Banks must educate their board and senior management both about the risks of BaaS and the scope of their proposed program and be prepared to exit any fintech partnerships that are not working, noted banking law firm Barack Ferrazzano. Other top considerations include whether the bank can handle the extra customer volume and operational demands BaaS programs pose, and how BaaS will impact existing third-party relationships. 

McCrary advised banks to establish close relationships with their fintech partners, both to build the program and optimize the flow of information between third parties and bank customers. “If we have a commercial customer, we want to know that customer very well,” he added. “We want to know their business; we want to know what motivates them. And then in our role as a bank, how can we best support that from a risk-based position? Looking at a fintech, it’s the same thing. I really need to know what it is they are doing, what it is they want to do and what they want to deliver to consumers, their customers. That enables us to work better together.”

McCrary

Hildebrand estimated that nearly 100 community banks have already entered the BaaS service space. Some of the most prominent are Coastal Community Bank, Everett, Wash.; Bridgeport, W.Va.,-based MVB Bank; and St. Paul, Minn.-based Sunrise Banks.

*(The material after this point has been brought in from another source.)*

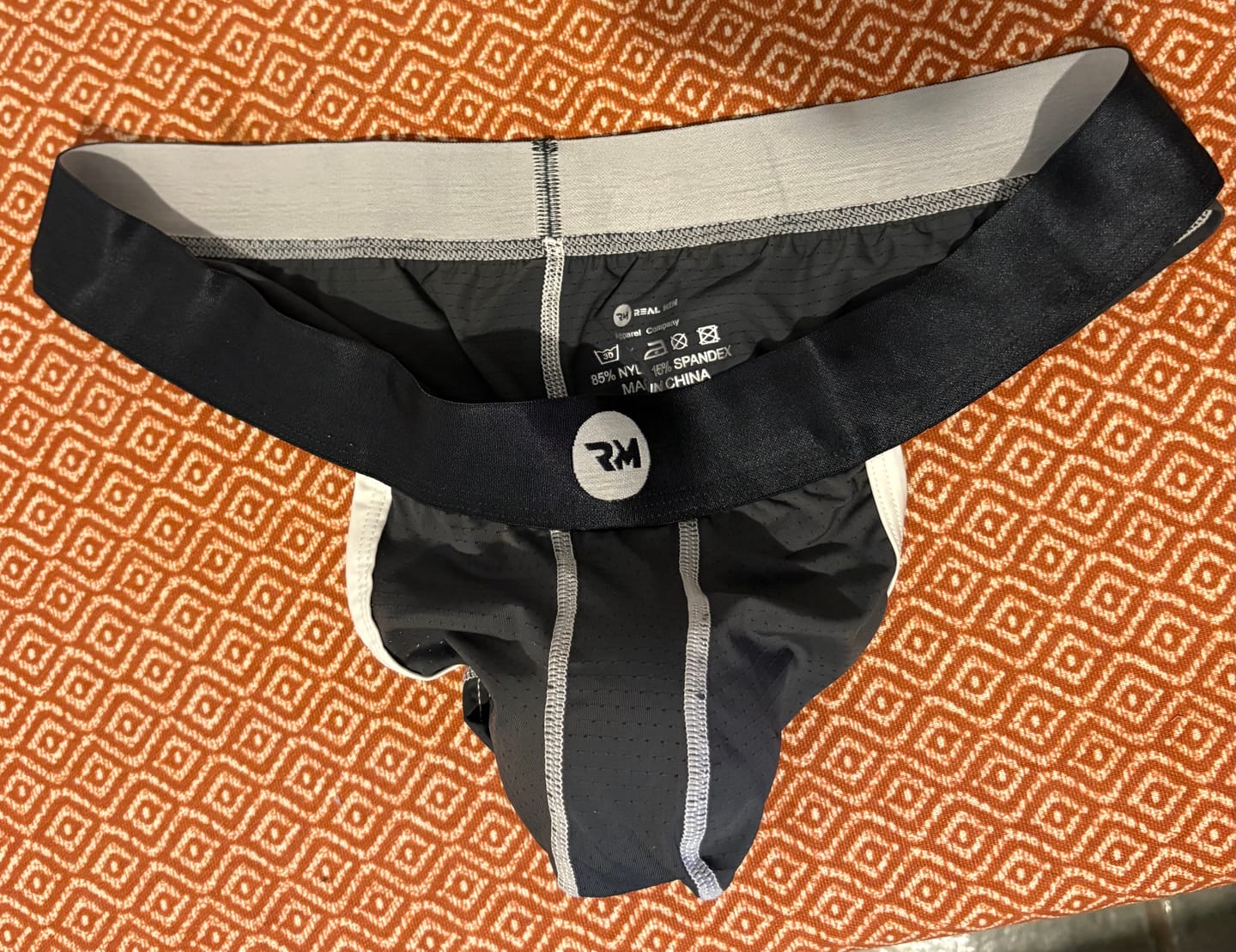 Customer photo review of Nylon 0in Mesh Bikini Briefs No Fly 1pk Dark Gray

The global BaaS market is projected to grow at a compound annual rate of 16.2 percent through 2030, reaching $74.55 billion, up from $22.49 billion in 2022, according to San Francisco-based market research and consulting company Grand View Research. The research expects that nonbanks will witness the fastest pace of growth over the next seven years. 

“If people are in upper management or are having conversations about staying relevant, it’s too late,” Hildebrand said. “You’ve got to be innovating, not for the sake of innovating, but for the sake of embracing inevitable change.”